Item 1(b) ADDRESS OF ISSUER'S PRINCIPAL EXECUTIVE OFFICES:
750 North Commons Drive, Aurora, Illinois 60504
Item 2(a) NAME OF PERSON FILING: Michael F. Lathrope
Item 2(b) ADDRESS OF PRINCIPAL BUSINESS OFFICE:
919 S. Charles Street, Naperville, Illinois 60540
Item 2(c) CITIZENSHIP: United States
Item 2(d) TITLE OF CLASS OF SECURITIES:
Class A Common Stock, $0.01 par value per share, of Westell
Technologies, Inc. The Company also has Class B Common Stock which
has four votes per share and which automatically converts into Class A
Common Stock unless transferred to certain family members of Robert C.
Penny III, Gary F. Seamans or Melvin J. Simon.
Item 2(e) CUSIP NUMBER: 957541-10-5
Item 3 THE PERSON FILING THIS STATEMENT IS A:
This statement is not being filed pursuant to Rule 13d-1(b) or 13d-
2(b). Not Applicable.
Item 4 OWNERSHIP
(a) Amount Beneficially Owned as of December 31, 1996:
593,314
(b) Percent of Class:
4.0% of outstanding shares of Class A Common Stock.

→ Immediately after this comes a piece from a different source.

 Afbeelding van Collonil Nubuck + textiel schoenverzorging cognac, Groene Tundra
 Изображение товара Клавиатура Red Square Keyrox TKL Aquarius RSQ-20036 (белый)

0.6% of outstanding voting power of Class A Common Stock and
Class B Common Stock.
(c) Number of shares as to which such person has:
(i) sole power to vote or to direct the vote:
593,314
(ii) shared power to vote or to direct the vote:
None
(iii) sole power to dispose or direct the disposition of:
593,314
(iv) shared power to dispose or direct the disposition of:
None
Item 5 OWNERSHIP OF FIVE PERCENT OR LESS OF A CLASS:
If this statement is being filed to report the fact that as of
the date hereof the reporting person has ceased to be the beneficial
owner of more than five percent of the class of securities, check the
following [X].
Item 6 OWNERSHIP OF MORE THAN FIVE PERCENT ON BEHALF OF ANOTHER PERSON:
Not applicable.
Item 7 IDENTIFICATION AND CLASSIFICATION OF THE SUBSIDIARY WHICH ACQUIRED THE
SECURITY BEING REPORTED ON BY THE PARENT HOLDING COMPANY:
Not applicable.
Item 8 IDENTIFICATION AND CLASSIFICATION OF MEMBERS OF THE GROUP:
Not applicable.
Item 9 NOTICE OF DISSOLUTION OF GROUP: Not applicable.
Item 10 CERTIFICATION:
Not applicable.
SIGNATURE
After reasonable inquiry and to the best of my knowledge and belief, I
certify that the information set forth in this statement is true, complete and
correct.
February 11, 1997
Date
/s/ Michael F. Lathrope
Michael F. Lathrope
ATTENTION: INTENTIONAL MISSTATEMENTS OR OMISSIONS OF FACT CONSTITUTE FEDERAL
CRIMINAL VIOLATIONS (SEE 18 U.S.C. 1001).